Why Pollen Allergy Season Causes Vertigo, According to Science
This is no joke.
Pollen is really out here trying to ruin all our lives. For some allergy sufferers, it can can cause intense and seemingly random dizzy spells.
Vertigo is a symptom some people experience alongside various illnesses. It’s a feeling of being dizzy to the point of disconnection; at worst, a person might feel completely disoriented and even nauseous.
Since we’re right in the middle of a truly terrible allergy season, it makes sense some allergy sufferers are experiencing vertigo. Because allergies affect a person’s sinuses, congestion in this area contributes to feelings of disorientation.
According to the Silverstein Institute for ear, nose, and throat treatment, allergies can irritate “the middle ear down to the back of your throat.” This region, called the Eustachian tube, is partly responsible for keeping us balanced.
“When it is clogged, it cannot equalize the pressure in your ear and help your body maintain its balance and that’s when you feel the dizziness,” SI reports.
Sinus congestion and, thus, vertigo are caused by your body’s response to something foreign. In this case, the alien body is pollen. When the body’s immune system works into overdrive to “attack” these bodies, we experience allergy symptoms like nasal congestion, throat irritation, and more.
The immune system, which fends off sickness, thinks it’s just doing its job. Little does our body know it doesn’t have to freak out over a few pollen grains. It’s just plant stuff!

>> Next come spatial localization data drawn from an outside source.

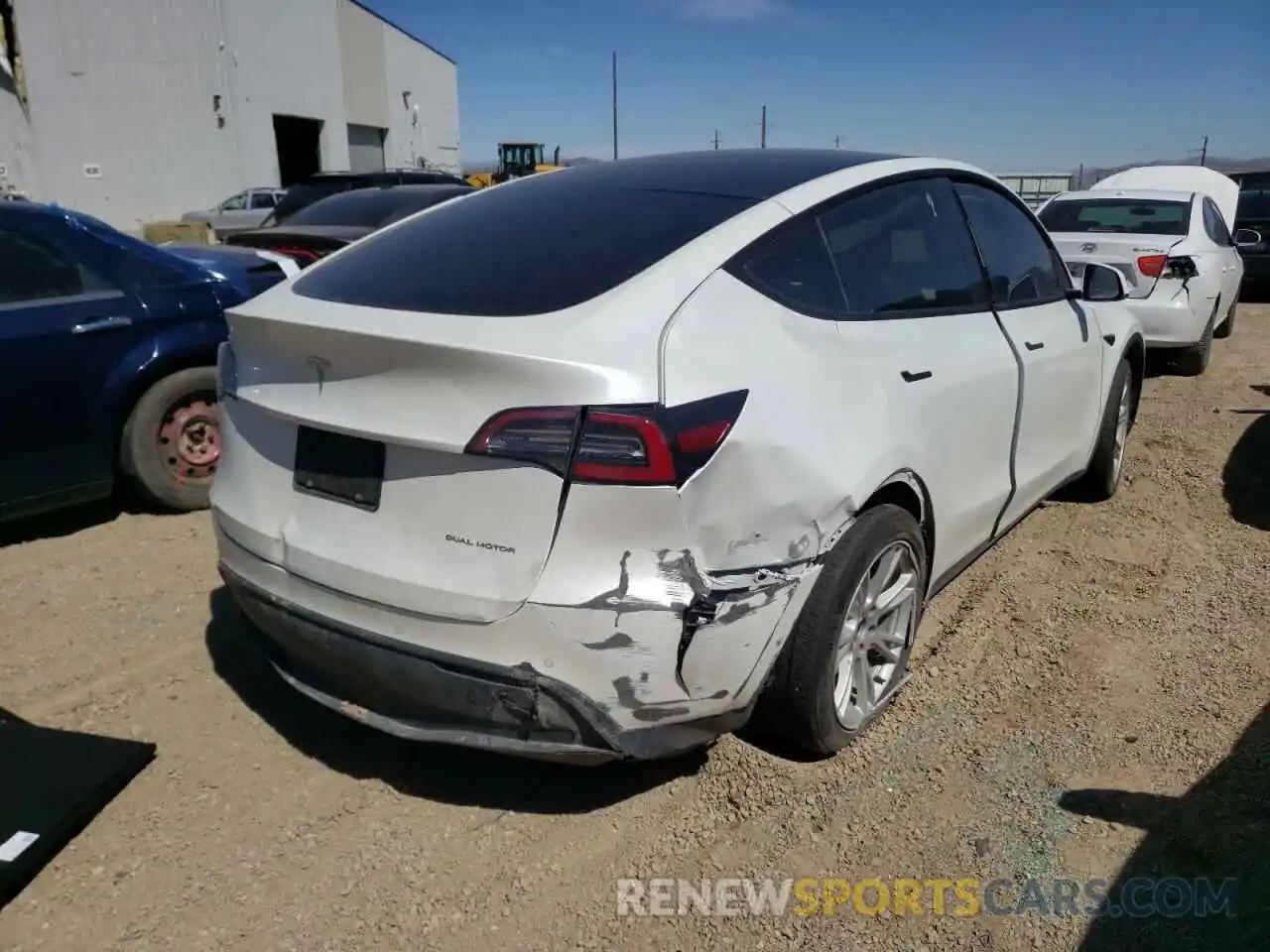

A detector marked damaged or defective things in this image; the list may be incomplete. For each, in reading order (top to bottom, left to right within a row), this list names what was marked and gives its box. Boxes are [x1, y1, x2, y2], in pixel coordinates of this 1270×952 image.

dented rear bumper [213, 523, 818, 767]
damaged white sedan rear [213, 145, 1148, 767] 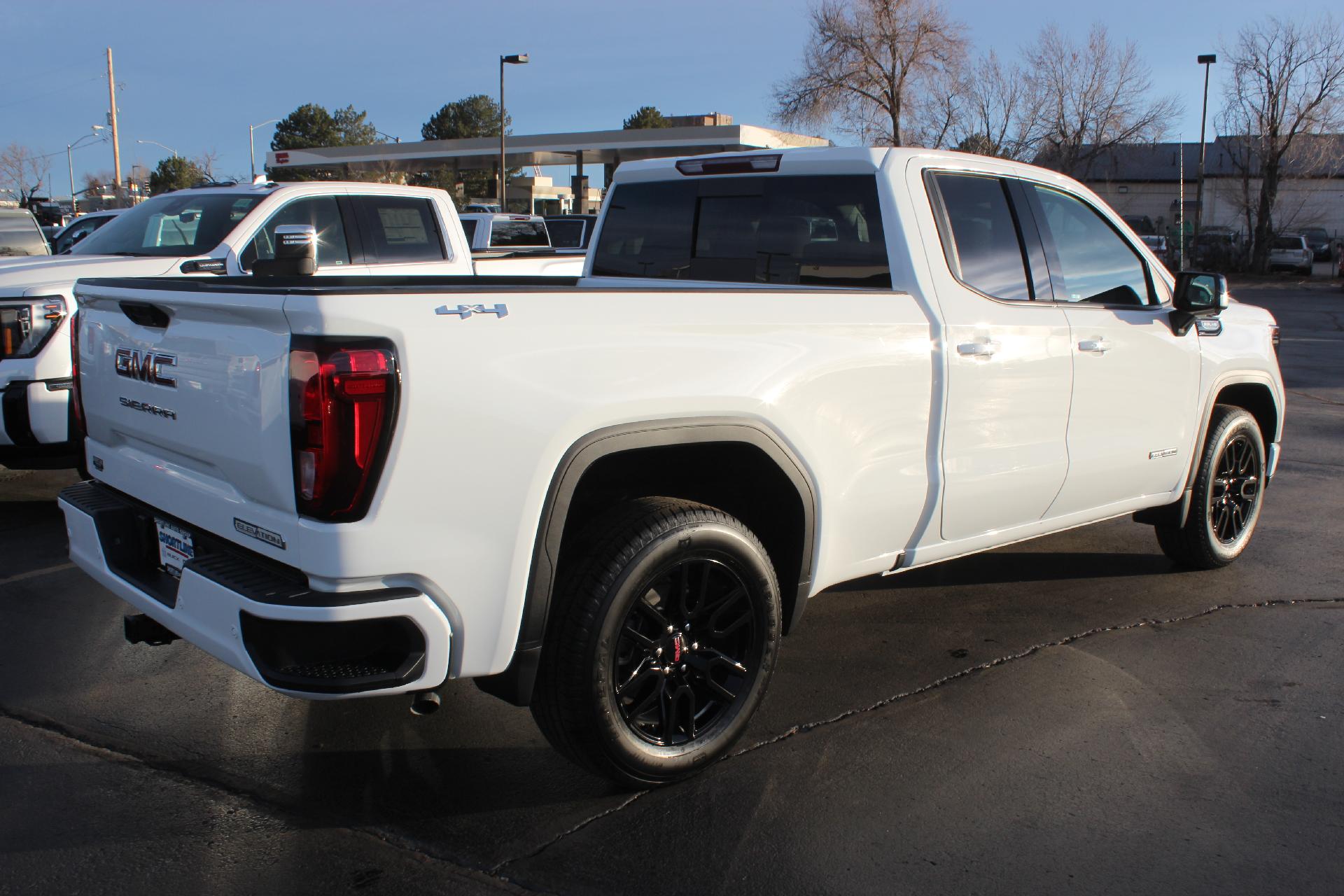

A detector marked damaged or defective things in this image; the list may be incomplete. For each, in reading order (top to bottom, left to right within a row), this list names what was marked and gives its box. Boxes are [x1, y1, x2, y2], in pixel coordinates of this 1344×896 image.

crack in pavement [0, 709, 540, 892]
crack in pavement [5, 598, 1338, 886] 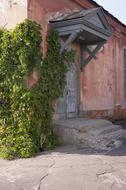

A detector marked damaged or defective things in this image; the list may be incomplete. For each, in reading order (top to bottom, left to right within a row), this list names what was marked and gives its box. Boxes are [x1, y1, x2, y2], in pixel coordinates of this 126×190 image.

cracked pavement [0, 145, 126, 189] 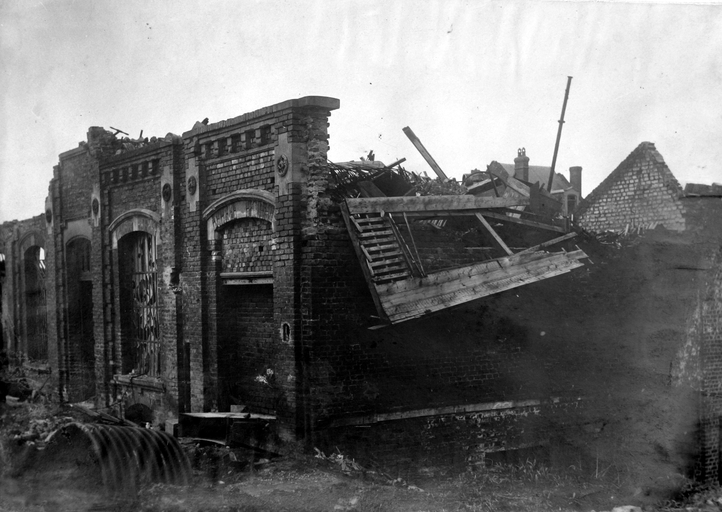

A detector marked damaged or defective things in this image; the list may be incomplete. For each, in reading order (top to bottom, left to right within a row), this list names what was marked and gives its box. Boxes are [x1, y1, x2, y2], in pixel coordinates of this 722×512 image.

broken timber beam [402, 126, 448, 181]
damaged chimney [512, 147, 528, 183]
broken timber beam [346, 194, 524, 214] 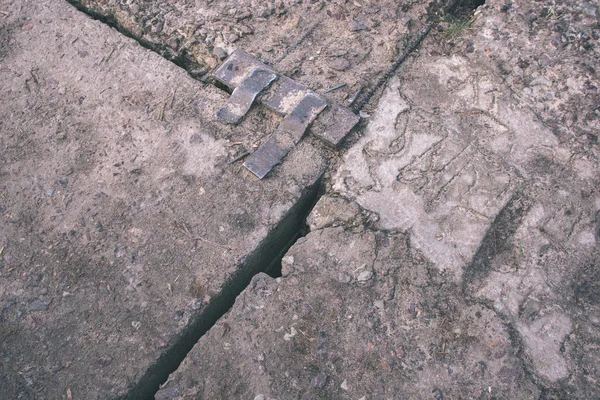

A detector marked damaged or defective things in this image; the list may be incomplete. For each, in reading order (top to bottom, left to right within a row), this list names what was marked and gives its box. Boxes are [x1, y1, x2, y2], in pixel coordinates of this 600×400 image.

cracked concrete slab [1, 1, 328, 398]
bent metal piece [217, 67, 278, 124]
rusty metal bracket [213, 50, 358, 180]
bent metal piece [243, 94, 328, 178]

Those struggling with allergies have a few options. They can purchase over-the-counter oral antihistamines like Benadryl, Sudafed, and Zyrtec, or nasal sprays that shoot directly into the nasal cavity. If none of these medications work, the best course of action is to consult an allergist. Everyone’s bodies work differently, so there’s no such thing as a singular “best” allergy medicine.
Experts agree that this year’s allergy season is particularly bad, in part because of the strange weather patterns across America this winter. Overall, temperatures shifted from very cold to very warm very quickly. This caused several types of trees to pollinate at once rather than gradually over the course of a few months.
If you’re feeling sick or tired from allergies, just know that the worst will be over soon — hopefully.